Notemachine is warning that 70 percent – more than 37,000 free ATMs – could vanish due to rising costs. The news is “very worrying” for pensioners and those on a low income who use cash as a way to stick to their budget.
Experts predict seven in 10 ATMs are at risk of closing or starting to charge for withdrawals.
While Link, which runs the UK’s network of ATMs, has told operators it will not be increasing its fees, operators are being hit by rising costs due to rising inflation and soaring energy prices.
To make matters even worse, there has been a 10 percent reduction in funding since 2018.
It means the only free cash machines likely to survive are those attached to banks and supermarkets and the remaining 70 percent of free ATMs could start charging or disappear altogether.
Experts have been suggesting people may opt to use cash versus cards as a budgeting tool to help make savings.
A Which? study recently found lots of people are adopting this method to help manage their finances and reduce their spending.

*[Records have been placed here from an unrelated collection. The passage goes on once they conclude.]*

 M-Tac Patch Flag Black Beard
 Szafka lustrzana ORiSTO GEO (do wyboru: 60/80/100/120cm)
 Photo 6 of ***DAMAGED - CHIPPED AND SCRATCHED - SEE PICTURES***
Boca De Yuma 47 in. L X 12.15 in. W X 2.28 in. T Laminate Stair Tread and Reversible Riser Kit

One of the main benefits of using cash is that it reduces people’s risk of overspending and falling into debt – so it’s particularly useful for people on lower incomes.

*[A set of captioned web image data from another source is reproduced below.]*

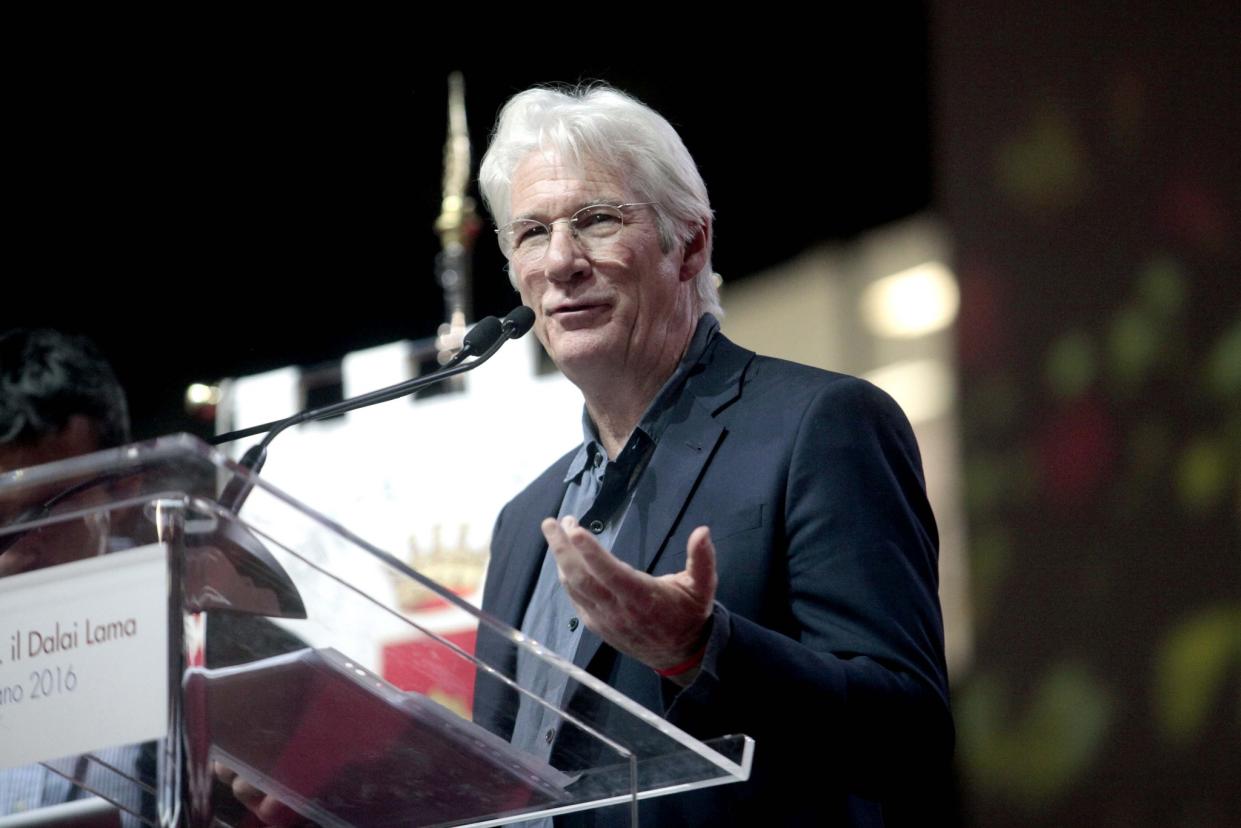 Richard Gere, an outspoken advocate of freedom for Tibet (credit: WENN)
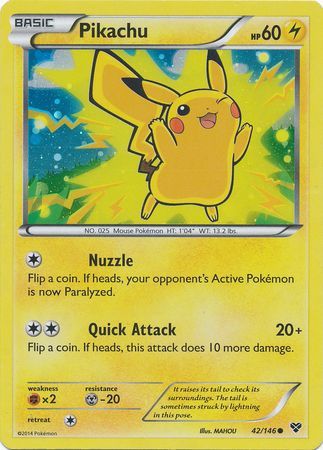 Pikachu (42/146) (2014 Movie Promo) [Miscellaneous Cards] Pokémon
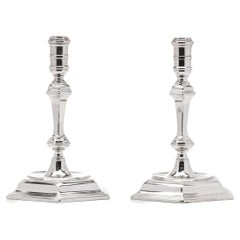 Garrard & Co. Paire de petits chandeliers vintage en argent sterling 925 Ltd.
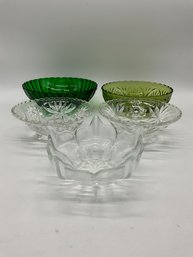 Grouping Of Decorative Glass Bowls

Sharon Lowick, a 52-year-old single mum has been saving £250 a month by going to the cash point and taking money out instead of relying on her debit card.
She told Express.co.uk: “I only buy what I need so it’s really helping me – I’ve saved so much money and I’d definitely recommend it.”
Another person who has benefited from adopting this method is lifestyle blogger Becky Derbyshire who managed to become mortgage free.
She said: “I love that it’s money I can see I’m spending, making it more real than paying for things by card.
“We managed to pay off our mortgage early by doing this – along with using a colour coded spreadsheet – to monitor spending.”
But while the elderly and those on a low income are typically still relying on cash, others are ditching it for debit cards.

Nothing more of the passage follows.